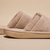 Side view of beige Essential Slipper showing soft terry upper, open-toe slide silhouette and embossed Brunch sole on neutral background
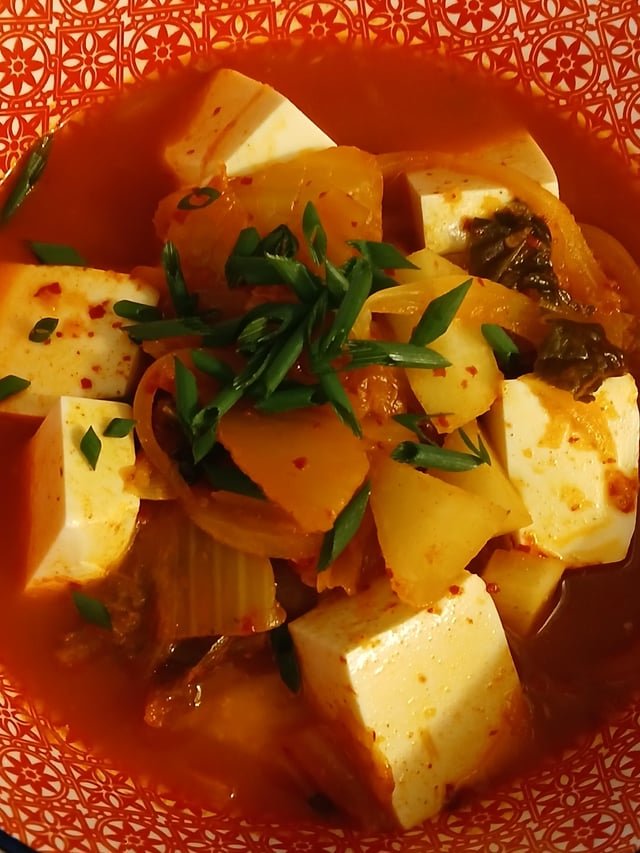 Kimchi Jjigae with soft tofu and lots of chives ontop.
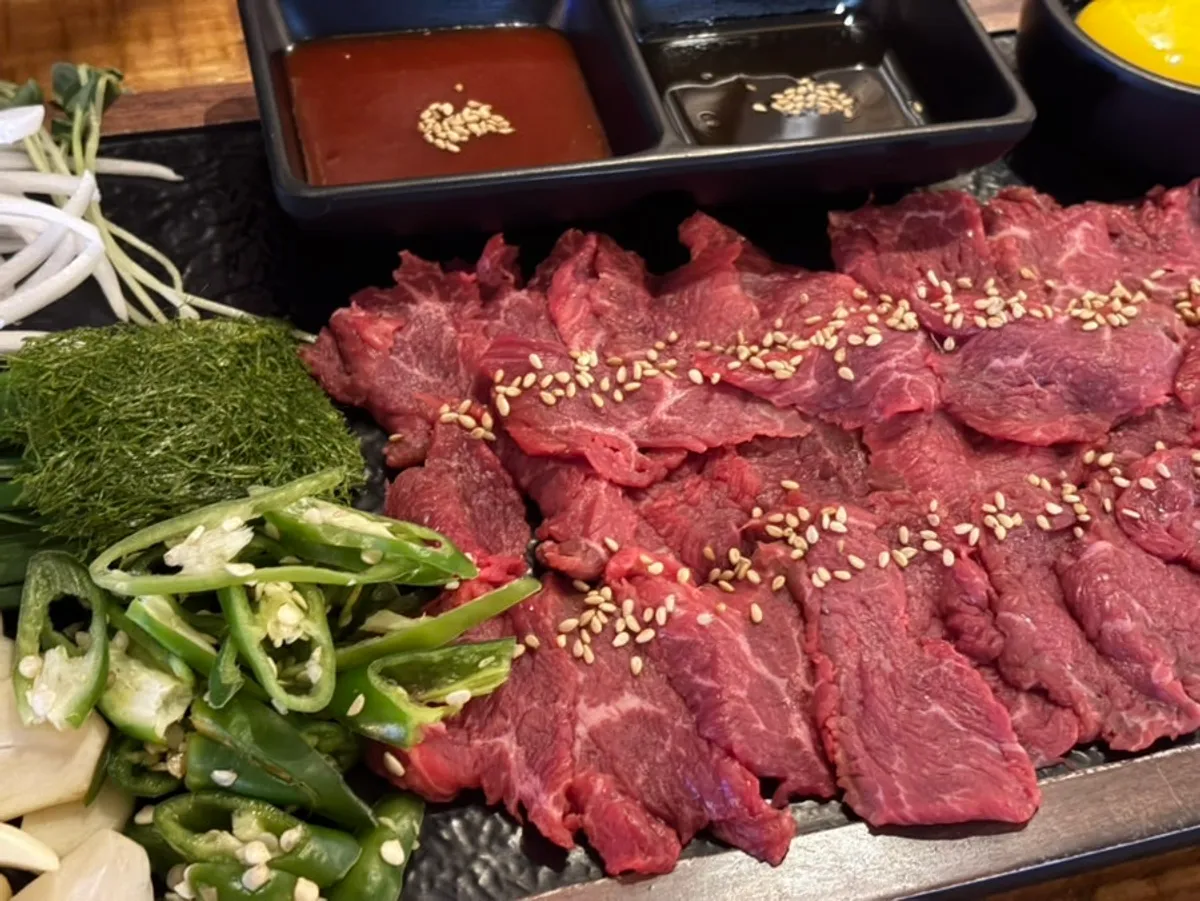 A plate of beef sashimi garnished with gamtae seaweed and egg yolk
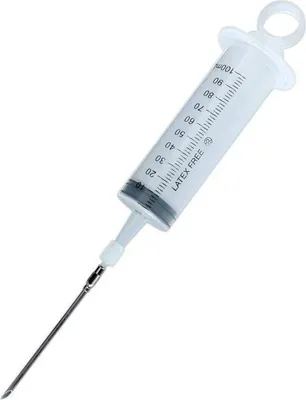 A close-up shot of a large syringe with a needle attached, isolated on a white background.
————
* _TASK STATEMENT_: Could you return the whole listing exactly, with every picture removed?

* _TASK ANSWER_:
 Side view of beige Essential Slipper showing soft terry upper, open-toe slide silhouette and embossed Brunch sole on neutral background
 Kimchi Jjigae with soft tofu and lots of chives ontop.
 A plate of beef sashimi garnished with gamtae seaweed and egg yolk
 A close-up shot of a large syringe with a needle attached, isolated on a white background.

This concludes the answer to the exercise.